Conversation 9027 - L'etoile jaune et ses antescendants
Shalom,
Je voudrais poser une question d ordre historique.
Pourquoi a t on impose aux Juifs des le Moyen Age un insigne de couleur jaune ?
Pourquoi le jaune ?
Merci pour votre site.
Chez les Chrétiens, le jaune signifiait aussi trahison : Judas est représenté avec une robe jaune ainsi que les Juifs. C’est pourquoi en 1215 le Concile de Latran leur imposa une rouelle jaune sur leur vêtement, ancêtre de cette triste étoile jaune de sinistre mémoire. Vers la fin du Moyen Age, le jaune est lié au désordre, à la folie : les bouffons et les fous sont habillés en jaune (le nain jaune). Le jaune est associé à Lucifer, au soufre, et aux traîtres. Paradoxalement il correspond aux maris trompés alors qu’originellement il indiquait le trompeur.
Référence : HISTOIRE ET SYMBOLISME DES COULEURS
J. Peyresblanques, Collège des ophtalmologistes des Hôpitaux de France
Cher Rav,
Pour compléter votre interprétation du jaune, couleur imposée aux Juifs par les Chrétiens, je voudrais ajouter que le jaune est parfois aussi le symbole de l'orgueil.
Dans cette optique, les Chrétiens voulaient montrer l'orgueil de ceux qui se "prétendaient" le peuple élu, cette notion, dans le christianisme, ayant été abolie pour créer le concept de "verus Israël" les définissant(le vrai Israël) ; cela signifiait donc implicitement que les Juifs faisaient fausse route en se sentant investis d'une mission particulière.
Ce n'est pas mon interprétation : j'ai cité mes sources.
J'ai un problème avec votre proposition, car l'Eglise n'a jamais remis en cause le fait qu'Israël restait le peuple élu selon la chair ni que, selon le mot de Paul, "le salut vient des Juifs". Il n'y avait donc pas place à l'orgueil en la matière. L'Eglise affirmait seulement que la Nouvelle Alliance avait supplanté l'ancienne car les Juifs avaient trahi.

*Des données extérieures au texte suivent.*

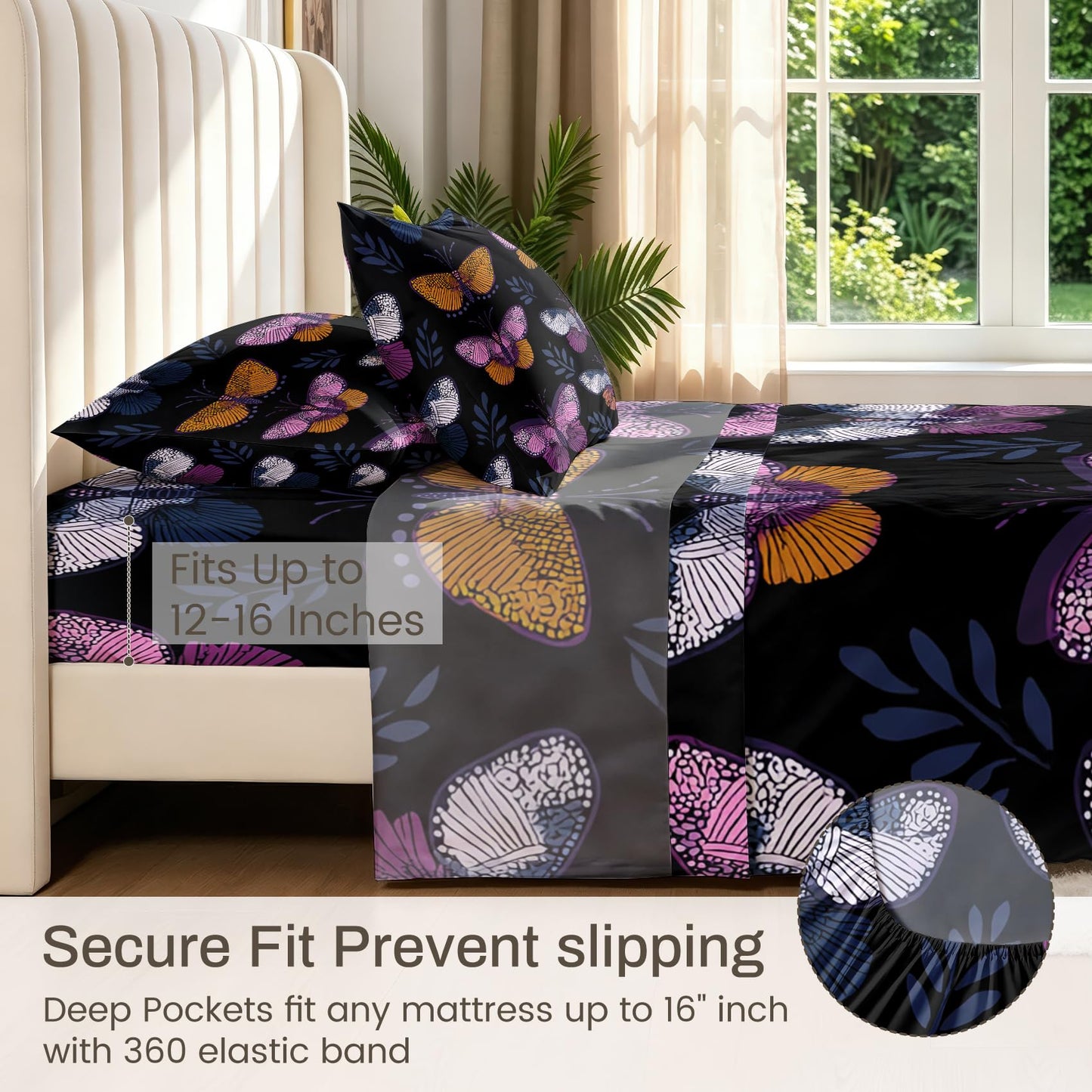Butterfly Queen Sheet Set 4 Pcs Gothic Dark Bed Sheets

Et il en découle bien entendu nombre de conséquences.
Avez-vous des sources pour soutenir votre thèse ?
Cher rav,
Le jaune est notamment interprété comme couleur de l'orgueil dans le Dictionnaire des Symboles publié aux Editions Robert Laffont (Coll "Bouquins)
Le christianisme étant une religion "du salut" (rappelons nous le célèbre "hors de l'Eglise point de salut"), les paroles de Paul ont du "évoluer" à travers les âges... De plus, les positions de l'Eglise sont parfois éloignées des premiers textes : dans ce que je connais, l'Eglise considère que le salut vient de Jésus seul et que les Jufs n'auront de salut que s'ils se "convertissent" à la foi chrétienne.
De plus, l'Eglise interprète l'Exil comme, h'as véshalom, un signe de l'abandon de D envers Israël... En ce sens il ma paraît assez clair que le rôle de Peuple élu est tout à fait mis à mal.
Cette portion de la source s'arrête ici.